Exercise aim:
Type out every line below exactly as it reads.

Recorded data
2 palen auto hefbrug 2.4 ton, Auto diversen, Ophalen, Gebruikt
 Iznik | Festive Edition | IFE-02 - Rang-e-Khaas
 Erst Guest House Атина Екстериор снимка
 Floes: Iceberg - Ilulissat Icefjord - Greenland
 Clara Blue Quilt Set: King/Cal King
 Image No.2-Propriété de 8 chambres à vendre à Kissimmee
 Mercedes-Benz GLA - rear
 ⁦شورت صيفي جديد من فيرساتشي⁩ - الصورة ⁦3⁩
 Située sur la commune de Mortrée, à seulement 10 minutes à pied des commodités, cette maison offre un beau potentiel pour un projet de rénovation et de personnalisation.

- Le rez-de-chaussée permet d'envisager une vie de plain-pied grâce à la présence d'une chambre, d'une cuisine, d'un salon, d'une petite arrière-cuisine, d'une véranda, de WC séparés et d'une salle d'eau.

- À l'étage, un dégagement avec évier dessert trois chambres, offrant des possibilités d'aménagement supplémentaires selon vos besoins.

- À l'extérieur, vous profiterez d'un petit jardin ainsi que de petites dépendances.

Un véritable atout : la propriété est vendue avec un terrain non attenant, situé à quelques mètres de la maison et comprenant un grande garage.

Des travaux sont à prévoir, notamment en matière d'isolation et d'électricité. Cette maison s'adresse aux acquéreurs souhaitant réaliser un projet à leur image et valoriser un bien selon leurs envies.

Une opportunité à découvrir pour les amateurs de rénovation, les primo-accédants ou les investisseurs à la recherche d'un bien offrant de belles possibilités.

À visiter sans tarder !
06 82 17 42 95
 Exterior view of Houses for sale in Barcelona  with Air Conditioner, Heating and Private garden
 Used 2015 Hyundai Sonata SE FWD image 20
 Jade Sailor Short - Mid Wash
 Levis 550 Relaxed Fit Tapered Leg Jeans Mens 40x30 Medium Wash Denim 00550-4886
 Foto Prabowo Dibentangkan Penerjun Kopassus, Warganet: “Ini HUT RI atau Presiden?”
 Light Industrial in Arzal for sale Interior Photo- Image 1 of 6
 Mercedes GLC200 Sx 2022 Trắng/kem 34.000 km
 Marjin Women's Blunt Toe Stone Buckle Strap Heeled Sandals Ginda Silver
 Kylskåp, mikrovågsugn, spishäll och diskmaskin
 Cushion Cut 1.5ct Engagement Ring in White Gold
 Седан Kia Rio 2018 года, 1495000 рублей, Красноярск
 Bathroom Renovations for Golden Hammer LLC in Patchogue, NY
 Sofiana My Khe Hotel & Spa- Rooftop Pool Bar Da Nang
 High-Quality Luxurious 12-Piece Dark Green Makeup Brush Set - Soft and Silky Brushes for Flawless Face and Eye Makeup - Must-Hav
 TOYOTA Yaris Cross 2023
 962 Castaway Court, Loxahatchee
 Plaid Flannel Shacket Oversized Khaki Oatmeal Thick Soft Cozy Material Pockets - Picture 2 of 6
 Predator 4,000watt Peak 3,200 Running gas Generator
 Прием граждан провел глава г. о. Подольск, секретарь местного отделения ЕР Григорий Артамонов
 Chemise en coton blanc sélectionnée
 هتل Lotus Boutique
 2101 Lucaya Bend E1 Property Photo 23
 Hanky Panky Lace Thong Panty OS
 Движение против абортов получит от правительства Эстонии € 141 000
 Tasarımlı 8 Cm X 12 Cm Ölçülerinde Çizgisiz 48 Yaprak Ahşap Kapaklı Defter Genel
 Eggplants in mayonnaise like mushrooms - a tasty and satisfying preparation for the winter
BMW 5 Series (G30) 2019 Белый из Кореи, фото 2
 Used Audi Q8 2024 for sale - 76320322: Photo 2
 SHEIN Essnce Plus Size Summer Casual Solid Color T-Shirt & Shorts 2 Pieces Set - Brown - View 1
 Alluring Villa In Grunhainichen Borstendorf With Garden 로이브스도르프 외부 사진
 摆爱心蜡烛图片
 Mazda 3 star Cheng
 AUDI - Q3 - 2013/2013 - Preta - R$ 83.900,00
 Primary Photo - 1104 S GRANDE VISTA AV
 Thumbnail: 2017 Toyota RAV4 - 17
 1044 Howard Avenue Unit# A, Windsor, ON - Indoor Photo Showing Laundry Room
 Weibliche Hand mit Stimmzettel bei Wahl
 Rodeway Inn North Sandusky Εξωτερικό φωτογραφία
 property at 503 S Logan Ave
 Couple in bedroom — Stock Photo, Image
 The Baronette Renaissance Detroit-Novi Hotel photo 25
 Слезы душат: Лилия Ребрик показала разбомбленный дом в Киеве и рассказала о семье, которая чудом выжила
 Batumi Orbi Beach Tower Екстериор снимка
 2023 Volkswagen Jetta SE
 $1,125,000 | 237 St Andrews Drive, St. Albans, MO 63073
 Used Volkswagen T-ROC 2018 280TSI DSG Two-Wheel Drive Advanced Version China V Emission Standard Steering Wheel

Written solution:
2 palen auto hefbrug 2.4 ton, Auto diversen, Ophalen, Gebruikt
 Iznik | Festive Edition | IFE-02 - Rang-e-Khaas
 Erst Guest House Атина Екстериор снимка
 Floes: Iceberg - Ilulissat Icefjord - Greenland
 Clara Blue Quilt Set: King/Cal King
 Image No.2-Propriété de 8 chambres à vendre à Kissimmee
 Mercedes-Benz GLA - rear
 ⁦شورت صيفي جديد من فيرساتشي⁩ - الصورة ⁦3⁩
 Située sur la commune de Mortrée, à seulement 10 minutes à pied des commodités, cette maison offre un beau potentiel pour un projet de rénovation et de personnalisation.

- Le rez-de-chaussée permet d'envisager une vie de plain-pied grâce à la présence d'une chambre, d'une cuisine, d'un salon, d'une petite arrière-cuisine, d'une véranda, de WC séparés et d'une salle d'eau.

- À l'étage, un dégagement avec évier dessert trois chambres, offrant des possibilités d'aménagement supplémentaires selon vos besoins.

- À l'extérieur, vous profiterez d'un petit jardin ainsi que de petites dépendances.

Un véritable atout : la propriété est vendue avec un terrain non attenant, situé à quelques mètres de la maison et comprenant un grande garage.

Des travaux sont à prévoir, notamment en matière d'isolation et d'électricité. Cette maison s'adresse aux acquéreurs souhaitant réaliser un projet à leur image et valoriser un bien selon leurs envies.

Une opportunité à découvrir pour les amateurs de rénovation, les primo-accédants ou les investisseurs à la recherche d'un bien offrant de belles possibilités.

À visiter sans tarder !
06 82 17 42 95
 Exterior view of Houses for sale in Barcelona  with Air Conditioner, Heating and Private garden
 Used 2015 Hyundai Sonata SE FWD image 20
 Jade Sailor Short - Mid Wash
 Levis 550 Relaxed Fit Tapered Leg Jeans Mens 40x30 Medium Wash Denim 00550-4886
 Foto Prabowo Dibentangkan Penerjun Kopassus, Warganet: “Ini HUT RI atau Presiden?”
 Light Industrial in Arzal for sale Interior Photo- Image 1 of 6
 Mercedes GLC200 Sx 2022 Trắng/kem 34.000 km
 Marjin Women's Blunt Toe Stone Buckle Strap Heeled Sandals Ginda Silver
 Kylskåp, mikrovågsugn, spishäll och diskmaskin
 Cushion Cut 1.5ct Engagement Ring in White Gold
 Седан Kia Rio 2018 года, 1495000 рублей, Красноярск
 Bathroom Renovations for Golden Hammer LLC in Patchogue, NY
 Sofiana My Khe Hotel & Spa- Rooftop Pool Bar Da Nang
 High-Quality Luxurious 12-Piece Dark Green Makeup Brush Set - Soft and Silky Brushes for Flawless Face and Eye Makeup - Must-Hav
 TOYOTA Yaris Cross 2023
 962 Castaway Court, Loxahatchee
 Plaid Flannel Shacket Oversized Khaki Oatmeal Thick Soft Cozy Material Pockets - Picture 2 of 6
 Predator 4,000watt Peak 3,200 Running gas Generator
 Прием граждан провел глава г. о. Подольск, секретарь местного отделения ЕР Григорий Артамонов
 Chemise en coton blanc sélectionnée
 هتل Lotus Boutique
 2101 Lucaya Bend E1 Property Photo 23
 Hanky Panky Lace Thong Panty OS
 Движение против абортов получит от правительства Эстонии € 141 000
 Tasarımlı 8 Cm X 12 Cm Ölçülerinde Çizgisiz 48 Yaprak Ahşap Kapaklı Defter Genel
 Eggplants in mayonnaise like mushrooms - a tasty and satisfying preparation for the winter
BMW 5 Series (G30) 2019 Белый из Кореи, фото 2
 Used Audi Q8 2024 for sale - 76320322: Photo 2
 SHEIN Essnce Plus Size Summer Casual Solid Color T-Shirt & Shorts 2 Pieces Set - Brown - View 1
 Alluring Villa In Grunhainichen Borstendorf With Garden 로이브스도르프 외부 사진
 摆爱心蜡烛图片
 Mazda 3 star Cheng
 AUDI - Q3 - 2013/2013 - Preta - R$ 83.900,00
 Primary Photo - 1104 S GRANDE VISTA AV
 Thumbnail: 2017 Toyota RAV4 - 17
 1044 Howard Avenue Unit# A, Windsor, ON - Indoor Photo Showing Laundry Room
 Weibliche Hand mit Stimmzettel bei Wahl
 Rodeway Inn North Sandusky Εξωτερικό φωτογραφία
 property at 503 S Logan Ave
 Couple in bedroom — Stock Photo, Image
 The Baronette Renaissance Detroit-Novi Hotel photo 25
 Слезы душат: Лилия Ребрик показала разбомбленный дом в Киеве и рассказала о семье, которая чудом выжила
 Batumi Orbi Beach Tower Екстериор снимка
 2023 Volkswagen Jetta SE
 $1,125,000 | 237 St Andrews Drive, St. Albans, MO 63073
 Used Volkswagen T-ROC 2018 280TSI DSG Two-Wheel Drive Advanced Version China V Emission Standard Steering Wheel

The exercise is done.